Heute ist das Elektrizitätswerk im Besitz der IKB/Innsbrucker Kommunalbetriebe (vormals Innsbrucker Stadtwerke), die hinsichtlich der Erhaltung und weiteren Nutzung des historischen Krafthauses entschieden, die bestehenden Turbinen gegen noch leistungsfähigere auszutauschen – ganz zum Glück für die Museumslandschaft, denn ein Maschinensatz aus dem Jahr 1912 wurde dem Technischen Museum in Wien als Ausstellungsstück überlassen, ein zweiter aus der Zeit um 1922 dokumentiert heute vor Ort die historische Bedeutung des Kraftwerks.

Das Gebäude besteht aus einer großen Maschinenhalle, die nahtlos in weitere Bauteile übergeht. Diese Trakte enthalten das Schalt- und Transformatorenhaus und schließen in Querrichtung an die Halle an. Die Verbindung zwischen den Bauteilen stellt ein Verbindungsgang her, dessen Giebelhöhe die der Maschinenhalle erreicht. Dem Schalt- und Transformatorenhaus sind eingeschossige Bauteile vorgelagert, deren Pultdächer die Nebentrakte mit dem Hauptgebäude harmonisch verbinden. Durch die Höhenstaffelung verfügt der gesamte Baukörper über eine abwechslungsreiche Dachgestaltung.

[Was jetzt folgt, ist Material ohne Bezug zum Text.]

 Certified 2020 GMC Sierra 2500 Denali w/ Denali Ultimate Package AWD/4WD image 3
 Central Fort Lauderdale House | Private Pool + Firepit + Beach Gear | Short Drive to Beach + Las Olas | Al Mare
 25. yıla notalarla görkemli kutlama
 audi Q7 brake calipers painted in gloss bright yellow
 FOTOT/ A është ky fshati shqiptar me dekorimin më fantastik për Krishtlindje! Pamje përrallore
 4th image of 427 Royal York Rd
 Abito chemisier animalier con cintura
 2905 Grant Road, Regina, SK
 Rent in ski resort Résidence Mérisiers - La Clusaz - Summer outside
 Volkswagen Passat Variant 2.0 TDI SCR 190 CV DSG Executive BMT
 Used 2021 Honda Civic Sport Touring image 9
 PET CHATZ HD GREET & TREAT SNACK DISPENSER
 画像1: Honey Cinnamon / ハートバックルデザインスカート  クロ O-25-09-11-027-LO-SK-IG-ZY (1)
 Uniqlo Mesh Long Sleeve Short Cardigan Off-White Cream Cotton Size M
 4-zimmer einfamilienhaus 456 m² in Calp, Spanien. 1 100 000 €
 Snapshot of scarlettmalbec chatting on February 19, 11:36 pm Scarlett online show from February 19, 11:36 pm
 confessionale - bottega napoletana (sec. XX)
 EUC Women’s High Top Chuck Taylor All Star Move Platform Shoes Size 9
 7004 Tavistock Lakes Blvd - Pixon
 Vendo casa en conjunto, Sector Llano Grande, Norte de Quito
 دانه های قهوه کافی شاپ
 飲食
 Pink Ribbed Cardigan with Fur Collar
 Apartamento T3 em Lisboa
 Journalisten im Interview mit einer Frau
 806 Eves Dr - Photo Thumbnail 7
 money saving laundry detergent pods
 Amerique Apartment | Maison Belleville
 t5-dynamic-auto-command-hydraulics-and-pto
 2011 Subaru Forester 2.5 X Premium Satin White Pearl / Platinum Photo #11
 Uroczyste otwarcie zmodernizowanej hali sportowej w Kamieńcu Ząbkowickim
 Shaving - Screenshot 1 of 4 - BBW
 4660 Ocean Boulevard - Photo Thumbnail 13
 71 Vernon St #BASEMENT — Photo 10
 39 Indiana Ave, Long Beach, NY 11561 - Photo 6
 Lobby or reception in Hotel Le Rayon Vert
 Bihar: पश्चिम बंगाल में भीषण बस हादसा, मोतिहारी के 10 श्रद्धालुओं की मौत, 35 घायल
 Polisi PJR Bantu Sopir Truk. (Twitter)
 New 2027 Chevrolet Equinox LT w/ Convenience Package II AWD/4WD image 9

Auch sonst versuchte der Planer des Elektrizitätswerkes, dem Bau ein elegantes äußeres Erscheinungsbild zu geben. Da die Architekten aus der Zeit um 1900 aber bei der Lösung ihrer Bauaufgaben auf keine Vorbilder zurückgreifen konnten, gestalteten sie technische Bauwerke auf der Basis eines Stilrepertoires für herrschaftliche Ansitze und Schlösser. Im Fall des Ruetzkraftwerks verwendete Ferdinand Mayer vor allem an den variantenreich gestalteten Fensteröffnungen Dekorationselemente, die dem Stil des Barock nachempfunden sind. Ein Blick in die Maschinenhalle verrät aber, dass er bei der Planung doch auch Wert darauf legte, moderne Baumaterialien zum Einsatz zu bringen: Die Dachkonstruktion ruht auf Trägern aus Gusseisen.

Der obere Abschnitt des Stiegenhauses wurde mit Wandgemälden des Innsbrucker Künstlers Ernst Schroffenegger (1905-1994), einem Schüler von Ernst Nepo, ausgestaltet. Schroffenegger, der zum Broterwerb übrigens bei der Eisenbahn (Österreichische Bundesbahnen) arbeitete, stellte hier die Brennerbahn und die Mittenwaldbahn dar. Zwischen die Abbildungen fügte er das Emblem eines geflügelten Zugrades ein, das von zwei Bahnarbeitern flankiert wird. Bei den 1941 entstandenen Malereien handelt es sich um seltene Beispiele von Kunst-am-Bau aus der Zeit des Zweiten Weltkriegs.